Sunday, January 25, 2009

An unfortunate action of the South Australian goverment!

Minister Atkinson’s speech in PONTIAN BROTHERHOOD MEMORIAL PLAQUE UNVEILING.

January 8th, 2009
Saturday, 20 December 2008. Migration Museum of South Australia, Kintore Ave, Adelaide Australia

Agapitoi filoi Dear friends Pontians
A-gha-pea-Tea Fee-lee Ponn-dee
This is a solemn day as well as a day of celebration. Thank you for giving me the opportunity of participating in the Pontian Brotherhood of South Australia’s 50th Anniversary celebrations, and to unveil the memorial plaque reflecting this commemoration today.
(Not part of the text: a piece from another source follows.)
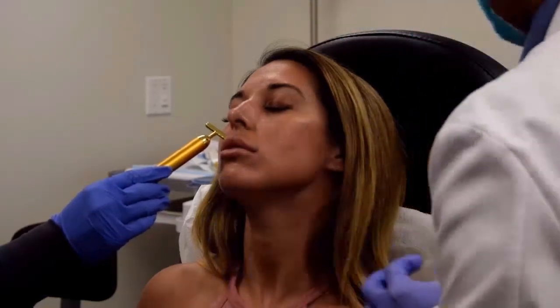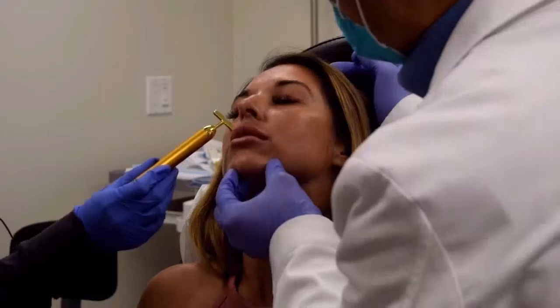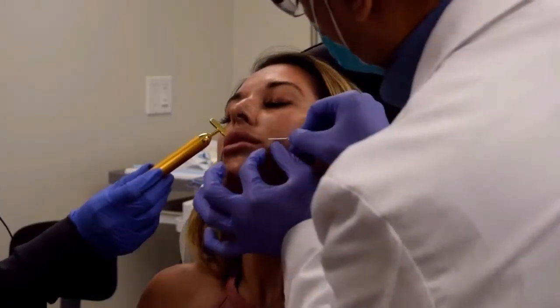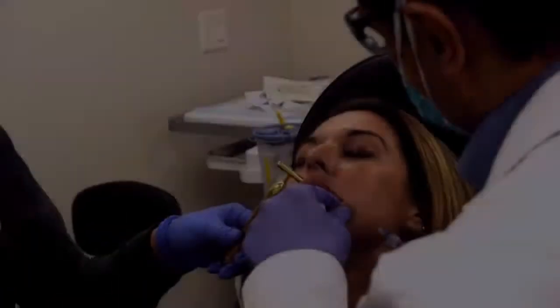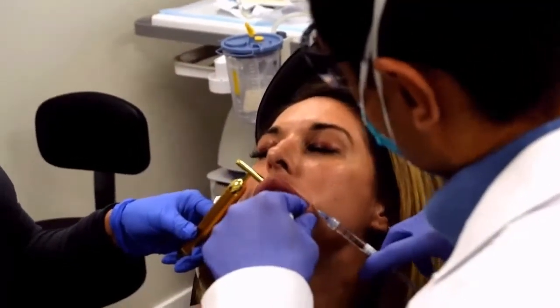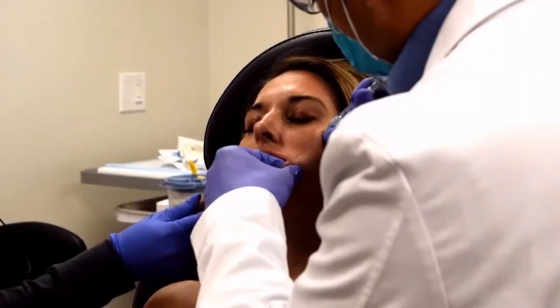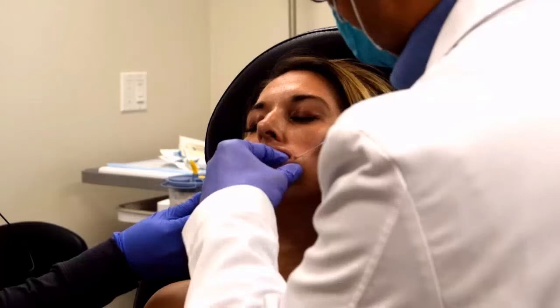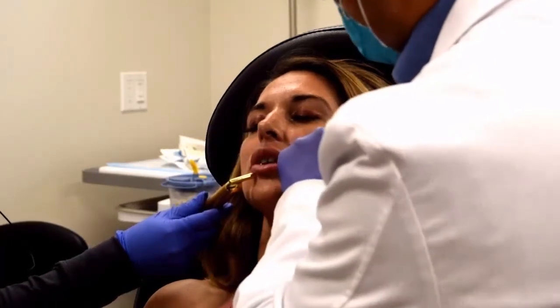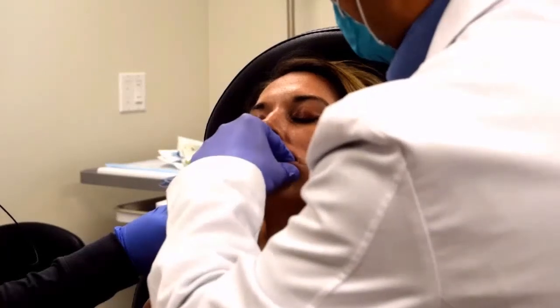We wanted to demonstrate our cannula lip filler technique. This technique essentially utilizes a blunt tip cannula for the administration of lip filler. Initially I did a little bit of local anesthetic followed by a little guide needle insertion site. Now you can see me introducing a 22 gauge cannula. The cannula goes into the upper and the lower lip in one fell sweep and the injections occur in a nice smooth linear fashion.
The plaque remembers the Pontian Hellenic innocents who were lost in the tragedy of the Pontian genocide; the sad episode in history that Hellenic people call

“The Catastrophe.”
It is a duty I carry out with a sense of great sadness for the loss of more than 350,000 Pontian lives and a sense of the enormity of the crime that was visited upon the Pontian people.I also have a sense of optimism arising from the history of progress that the Pontian people created after this tragedy and the way they forged forward, without ever losing the link to their past.That history of progress includes the achievements of the Pontian Diaspora, both in Greece and elsewhere on the globe, and not least the achievements and contributions, over 50 years thus far, of the Pontian community and the Pontian Brotherhood of South Australia.In this, your year of celebrations for the first 50 years of the Pontian Brotherhood, you have resolved to honour your fallen compatriots, with a memorial plaque.You have chosen, quite appropriately, this ark of the history of many peoples and a place of many worthy memorials, the Migration Museum of South Australia, as the plaque’s home.
South Australia welcomed Pontian refugees and their descendants as migrants from Greece, and this simple act of homage today recounts a narrative of persecution and dislocation, of privation and loss, but also a narrative of hope.As a result of the disintegration of the decayed and corrupt Ottoman Empire by 1918, nationalist Young Turks had overturned the old regime.
They had set about creating a Turkey for Turks only by speeding up a process that Imperial Turkey had begun in 1914, with her entry into World War I as an ally of Germany and the Central Powers.This process was the sad and criminal ethnic cleansing of Hellenes, Armenians and Assyrians. And I am pleased to see the President Gevik Abedian and the Secretary, Alec Balayance of the Armenian Association here with us today.

All these people belonged to that land, and had preceded the Turks by many centuries. In the case of the Hellenes, by some 2,600 years!And so, the nationalist Turks led by Kemal Mustafa’s forces, and their frenzied followers began to persecute them through beatings, murder, forced marches and labour, theft of their properties and livelihood, rape, torture and deportations.More than three hundred and fifty thousand Pontian Hellenes died, as well as one and a half million Armenians and hundreds of thousands of Assyrians.

More than one and a half million Pontian Hellenes fled to Greece as refugees, and put a huge strain on the country, unprepared as she was for these events.And so, nearly three thousand years of Hellenic civilisation and history in Asia Minor, once a crucible of Hellenism, was extinguished in the bloodied lands and waters of Pontus and in the fires of Smyrna.Regrettably, the West remained mostly unmoved, and the cries of the victims were not heeded.

So claims no less a qualified person than George Horton, for 30 years Consul General of the United States for the “Near East” who was based in Smyrna.and gives an eyewitness account of the genocide in his book, “The Blight of Asia”, published in 1926.
Yet Pontian Hellenes bear no malice towards the people of Turkey, with whom they had once shared a homeland, a history, and a friendship.It is incumbent on a Turkey that aspires to be part of Europe to acknowledge the deeds of the past, instead of denying that which so many had borne witness to.

Every day that passes without acknowledgement of these tragic acts re-victimizes those who survived and their descendants.
A simple apology from Turkey will begin the healing, and bring on the dawn of a reconciled future in which the tormented spirits of the victims will finally rest.
The Pontian Hellenes have moved forward in every other way: their progress out of such adversity and tragedy has been remarkable by any standard.

The flowering of subsequent generations that hold tenaciously to their culture and heritage, so far from home, and the existence and fruitful activity of organisations such as the Pontian Brotherhood of South Australia are ample proof of this.

And they are reason for celebration, too.As the lyricist Pythagoras (Pith-a-GORR-as) says in “Mikra Asia” (Mik-RAH A-SEE-a): “Road by road we found earth and water, we came out of our pain and our desolation, like clouds we drifted to other skies, and our children have had children and grandchildren.”And so, today, we have gathered here to honour the memory for those Pontian Hellenes lost in the “Catastrophe” that was the Pontian Genocide.

I dare to hope, and work for the day, when no one will ever deny the truth of the Pontian Genocide.To the memory and honour of the Pontian Hellenes who perished in the genocide of 1916 to 1922, I unveil this memorial plaque.